The method is based on the simple assumption that, by systematically mutating protein residues, while probing the effect of the mutation on the folding kinetics and ground state stability, it is possible to map, one by one, interaction patterns in the transition states. In fact, mutations that destabilize the transition state (or an intermediate) target contacts that are formed in its structure. The relative formation of the contact is commonly called the
phi value. By producing and characterizing a large number of point mutants in a given protein it is therefore possible to draw a structural map of the transition and intermediate state(s) of a reaction, with detection of native like (phi values tending to 1) and denatured like (phi values tending to 0) clusters.
We will perform a complete phi value analysis of the interaction between the different regions of GAB2 (expressed as isolated peptides) and the SH3 and SH2 domains of Grb2, SHP2, p85, PLC-g, CRK, SHC and SHIP. We will produce a large number of point mutants and measure the effect on the kinetics and equilibrium of the reaction of folding upon binding. The effect of the mutations will allow to calculate the phi values and, therefore, to infer the presence and structure of any transient speicies to the highest experimental detail.

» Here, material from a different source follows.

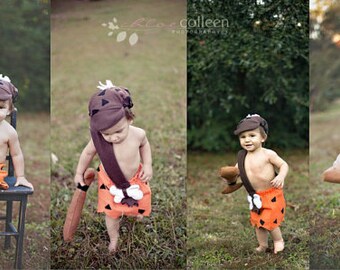 18 months - 2T Toddler Halloween Costume Bam Bam SIZE SMALL Easy On and Easy Off Quick Diaper Change Accessibilty Fast Shipping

The kinetics of the reaction will be monitored by fluorescence monitored time resolved experiments. We will use both the stopped-flow (for the ms to s time range), and an in- house built continuous-flow and a temperature jump apparatus (for the sub ms time range). Equilibrium binding experiments will be performed both by measuring the fluorescence in titration experiments and by isothermal calorimetry. The parameters extracted from these experiments on all the mutants will be employed to calculate phi values, as previously described on other IDP systems (see for example Giri et al., 2013)
Activity 3 Determination of the structure of transition states and intermediates by restrained molecular dynamics simulations.
The structural information provided by phi values can be used to obtain structural ensembles representing the transition states for folding (Vendruscolo et al., 2001). In this approach, a trajectory is generated by integrating the equations of motion of a protein with a bias based on the incorporation of the phi values in the force field. This approach is analogous to the use of inter-atomic distances obtained through nuclear Overhauser effects (NOEs) to determine native state structures.
By using the results obtained in Activity 2, we will perform restrained molecular dynamics simulations and solve the structure of the reaction intermediates and transition states. This method will provide a complete structural depiction of the reaction pathways. These results will contribute i) to define the mechanism and energetics of interaction between GAB2 and its physiological partner, ii) to unveil the presence of any allosteric effect, iiii) to shed light on the role of any residual structure in GAB2 in tuning its physiological role, iv) to measure directly the strength of the contacts of each amino acidic position in the complexes between GAB2 and its partners.